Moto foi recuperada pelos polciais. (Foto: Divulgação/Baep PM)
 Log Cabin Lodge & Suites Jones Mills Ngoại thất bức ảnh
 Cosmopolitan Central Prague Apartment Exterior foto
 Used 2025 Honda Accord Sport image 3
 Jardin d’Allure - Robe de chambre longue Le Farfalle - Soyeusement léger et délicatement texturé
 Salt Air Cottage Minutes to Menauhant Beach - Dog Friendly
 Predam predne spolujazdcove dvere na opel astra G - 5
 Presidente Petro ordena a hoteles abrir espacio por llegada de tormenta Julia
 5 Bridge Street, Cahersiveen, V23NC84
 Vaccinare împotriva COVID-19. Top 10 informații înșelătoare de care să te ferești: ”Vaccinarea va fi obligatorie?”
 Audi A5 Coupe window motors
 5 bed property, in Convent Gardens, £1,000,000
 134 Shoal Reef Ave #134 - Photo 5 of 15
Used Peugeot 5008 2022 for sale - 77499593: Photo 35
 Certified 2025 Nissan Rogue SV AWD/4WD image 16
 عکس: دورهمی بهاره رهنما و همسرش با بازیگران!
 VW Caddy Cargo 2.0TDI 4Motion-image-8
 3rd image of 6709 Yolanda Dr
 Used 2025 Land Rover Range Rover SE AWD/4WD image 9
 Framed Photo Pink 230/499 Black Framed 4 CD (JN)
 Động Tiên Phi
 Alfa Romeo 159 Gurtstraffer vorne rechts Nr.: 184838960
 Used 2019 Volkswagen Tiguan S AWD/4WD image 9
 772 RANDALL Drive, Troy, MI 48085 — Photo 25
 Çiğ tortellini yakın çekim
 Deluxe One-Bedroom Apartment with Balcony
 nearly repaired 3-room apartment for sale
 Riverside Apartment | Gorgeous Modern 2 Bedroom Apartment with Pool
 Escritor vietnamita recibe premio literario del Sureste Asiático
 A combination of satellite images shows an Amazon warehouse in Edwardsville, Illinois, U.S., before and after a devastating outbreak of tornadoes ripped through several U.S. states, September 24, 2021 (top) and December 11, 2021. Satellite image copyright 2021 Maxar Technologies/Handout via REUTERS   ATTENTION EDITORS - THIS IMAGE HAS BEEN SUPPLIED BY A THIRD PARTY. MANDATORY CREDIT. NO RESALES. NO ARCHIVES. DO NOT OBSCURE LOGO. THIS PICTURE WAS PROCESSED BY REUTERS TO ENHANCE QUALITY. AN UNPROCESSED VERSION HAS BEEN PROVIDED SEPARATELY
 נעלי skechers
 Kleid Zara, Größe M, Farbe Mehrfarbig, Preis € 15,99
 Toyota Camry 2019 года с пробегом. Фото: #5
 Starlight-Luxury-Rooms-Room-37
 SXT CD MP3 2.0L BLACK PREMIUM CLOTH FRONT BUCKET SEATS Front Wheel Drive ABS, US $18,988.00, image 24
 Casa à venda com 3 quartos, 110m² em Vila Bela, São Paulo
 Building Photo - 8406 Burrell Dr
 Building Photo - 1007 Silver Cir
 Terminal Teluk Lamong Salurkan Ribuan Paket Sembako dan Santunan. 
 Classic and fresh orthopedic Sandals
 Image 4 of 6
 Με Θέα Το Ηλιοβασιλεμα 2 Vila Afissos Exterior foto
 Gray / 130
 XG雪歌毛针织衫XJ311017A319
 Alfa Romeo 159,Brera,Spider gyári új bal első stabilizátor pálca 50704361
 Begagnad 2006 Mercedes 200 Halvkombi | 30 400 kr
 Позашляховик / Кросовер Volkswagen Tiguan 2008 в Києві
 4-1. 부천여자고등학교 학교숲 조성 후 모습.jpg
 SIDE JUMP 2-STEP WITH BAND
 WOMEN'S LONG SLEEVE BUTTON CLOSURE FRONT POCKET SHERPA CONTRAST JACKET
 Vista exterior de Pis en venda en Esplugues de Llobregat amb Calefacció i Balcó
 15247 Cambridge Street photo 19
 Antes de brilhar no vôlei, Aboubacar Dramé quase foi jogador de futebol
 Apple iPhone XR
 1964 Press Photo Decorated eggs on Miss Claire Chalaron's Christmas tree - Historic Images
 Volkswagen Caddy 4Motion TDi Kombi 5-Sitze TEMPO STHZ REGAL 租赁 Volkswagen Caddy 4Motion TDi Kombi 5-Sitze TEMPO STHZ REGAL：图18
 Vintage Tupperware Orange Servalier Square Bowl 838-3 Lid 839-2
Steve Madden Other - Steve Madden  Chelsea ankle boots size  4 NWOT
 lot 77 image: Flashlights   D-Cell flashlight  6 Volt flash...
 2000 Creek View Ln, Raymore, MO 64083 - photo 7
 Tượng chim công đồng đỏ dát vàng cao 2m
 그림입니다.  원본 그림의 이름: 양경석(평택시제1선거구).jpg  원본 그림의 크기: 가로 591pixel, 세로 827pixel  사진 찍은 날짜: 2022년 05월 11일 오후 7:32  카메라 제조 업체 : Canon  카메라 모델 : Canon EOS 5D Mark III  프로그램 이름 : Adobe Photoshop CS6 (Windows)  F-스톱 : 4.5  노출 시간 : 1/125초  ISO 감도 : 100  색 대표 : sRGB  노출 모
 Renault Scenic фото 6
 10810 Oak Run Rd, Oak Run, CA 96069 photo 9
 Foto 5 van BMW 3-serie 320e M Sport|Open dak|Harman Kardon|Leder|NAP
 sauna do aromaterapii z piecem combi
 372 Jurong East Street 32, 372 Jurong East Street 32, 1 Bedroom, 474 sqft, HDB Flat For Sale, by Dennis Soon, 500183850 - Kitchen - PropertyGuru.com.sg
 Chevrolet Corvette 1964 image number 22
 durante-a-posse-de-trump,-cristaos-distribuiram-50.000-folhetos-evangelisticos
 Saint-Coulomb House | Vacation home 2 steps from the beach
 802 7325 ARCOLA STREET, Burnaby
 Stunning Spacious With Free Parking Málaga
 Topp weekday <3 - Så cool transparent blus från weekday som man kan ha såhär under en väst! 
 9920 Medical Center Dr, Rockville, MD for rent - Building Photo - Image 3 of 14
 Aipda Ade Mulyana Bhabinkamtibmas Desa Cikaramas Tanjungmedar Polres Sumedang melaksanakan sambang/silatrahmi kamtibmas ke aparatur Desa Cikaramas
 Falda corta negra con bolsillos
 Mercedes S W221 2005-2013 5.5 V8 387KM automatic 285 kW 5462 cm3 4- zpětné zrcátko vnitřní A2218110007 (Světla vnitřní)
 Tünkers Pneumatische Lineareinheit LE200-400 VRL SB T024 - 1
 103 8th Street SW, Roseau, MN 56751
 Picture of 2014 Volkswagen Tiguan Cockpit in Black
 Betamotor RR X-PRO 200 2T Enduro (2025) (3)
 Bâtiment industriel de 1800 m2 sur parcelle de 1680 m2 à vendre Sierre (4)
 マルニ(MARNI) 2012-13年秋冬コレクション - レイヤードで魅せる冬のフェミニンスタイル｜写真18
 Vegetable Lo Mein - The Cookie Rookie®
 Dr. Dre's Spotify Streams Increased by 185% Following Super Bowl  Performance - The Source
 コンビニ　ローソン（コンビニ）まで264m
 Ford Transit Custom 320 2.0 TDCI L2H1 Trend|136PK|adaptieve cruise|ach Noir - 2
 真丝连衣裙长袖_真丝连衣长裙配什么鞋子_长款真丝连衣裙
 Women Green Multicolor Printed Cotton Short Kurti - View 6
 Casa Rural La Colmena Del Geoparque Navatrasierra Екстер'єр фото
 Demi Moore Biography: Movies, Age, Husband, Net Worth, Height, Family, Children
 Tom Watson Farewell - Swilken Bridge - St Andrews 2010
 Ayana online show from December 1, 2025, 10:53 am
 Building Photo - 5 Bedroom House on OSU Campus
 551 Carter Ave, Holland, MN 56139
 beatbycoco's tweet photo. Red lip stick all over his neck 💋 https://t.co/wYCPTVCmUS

- **EXERCISE AIM**:
Please copy the lines above from the line with "802 7325 ARCOLA STREET, Burnaby" up to and including the line with "9920 Medical Center", exactly as written and with nothing else.

- **OUTPUT BELOW**:
 802 7325 ARCOLA STREET, Burnaby
 Stunning Spacious With Free Parking Málaga
 Topp weekday <3 - Så cool transparent blus från weekday som man kan ha såhär under en väst! 
 9920 Medical Center Dr, Rockville, MD for rent - Building Photo - Image 3 of 14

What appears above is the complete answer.